Thelen Bankruptcy Estate Seeks Approval of $900K Settlement

Nate Raymond, New York Law Journal

05-25-10 -- The estate of the defunct law firm Thelen is seeking a bankruptcy judge's approval of a $900,000 settlement of a state court action by State Street Bank and Trust Company. The payment would come from Thelen's insurer and resolve all claims against the law firm in the litigation pending in Manhattan Supreme Court, according to a motion filed earlier this month by Yann Geron, a partner at Fox Rothschild who is the trustee for Thelen's estate. A hearing is scheduled for June 2 before Southern District of New York Bankruptcy Judge Allan Gropper. . . . "If the court approves the settlement, we believe the Thelen estate will be glad to have the matter behind it," said Michael Feldberg, a partner at Allen & Overy who represents Thelen in the case, AG Capital Funding Partners v. State Street Bank and Trust Company, 601134/2002.


FLORIDA  

Former RRA Partner Holds Out Hope for Settlement in Firm Bankruptcy

Julie Kay and John Pacenti, Daily Business Review

05-12-10 -- A confidential settlement between Scott Rothstein's former equity partner Stuart Rosenfeldt and the court-appointed bankruptcy trustee could be reached by week's end. If not, Rosenfeldt said he will hire a bankruptcy attorney. . . . He appeared cheerful in court Tuesday and represented himself at a hearing before U.S. Bankruptcy Judge Raymond Ray. Chuck Lichtman, attorney for bankruptcy trustee Herbert Stettin, said he held off on deposing Rosenfeldt in the hopes of reaching a settlement. . . . "We've been engaged in settlements talks ... and should know in the next couple days whether it happens," said Lichtman, a partner with Berger Singerman in Fort Lauderdale. "We've had an extended discussion in our office." . . . After the hearing, Rosenfeldt told the Daily Business Review he is hopeful for a settlement but declined to give any details on a dollar value. . . . "It's an amount that I can afford to live with," he said.
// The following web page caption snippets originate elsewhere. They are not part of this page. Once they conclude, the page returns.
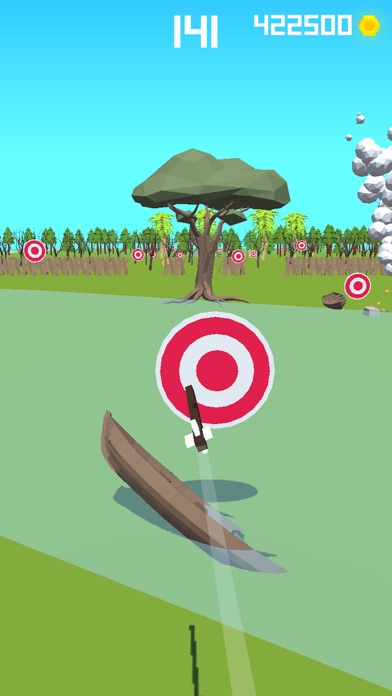 Flying Arrow! screenshot 1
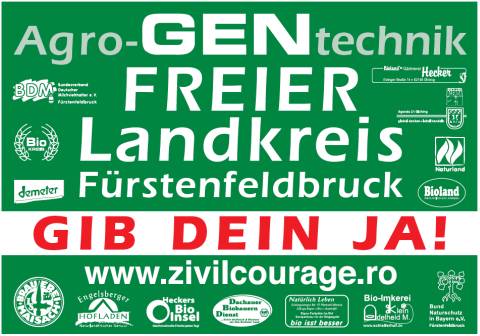 Zivilcourage Fürstenfeldbruck Feldtafel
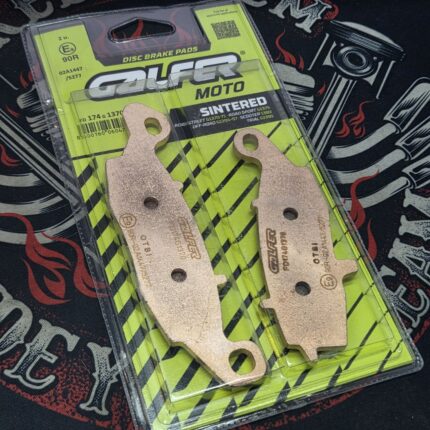 Тормозные колодки Galfer FD174G1370 FA229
Court Agreement Ends General Growth Bankruptcy Bid Battle

Robert Carr, The American Lawyer

05-10-10 -- Ending one of real estate's most protracted takeover battles, Judge Allan Gropper, in the U.S. Bankruptcy Court for the Southern District of New York, agreed Friday to allow Chicago-based General Growth Properties, a mall real estate investment trust, to partner with Brookfield Asset Management of Toronto in an $8.5 billion reorganization plan. . . . The decision sets Brookfield as the "stalking horse" bidder, and ends an aggressive takeover attempt by GGP's main retail rival, Simon Property Group of Indianapolis. Simon announced a last-ditch offer late Thursday night of $20 a share to take over GGP, even though General Growth hasn't seen that price since late 2008. GGP's stock closed Friday at $14.13 a share. . . . Brookfield has pledged to help bring GGP out of bankruptcy by purchasing GGP stock at $10.50 per share, resulting in a $6.5 billion equity investment and $2 billion capital backstop offer, which includes assistance from Pershing Square Capital Management and Fairholme Funds. The Brookfield deal comes with several million dollars in warrant fees to GGP, though Brookfield has agreed to postpone some of the costs.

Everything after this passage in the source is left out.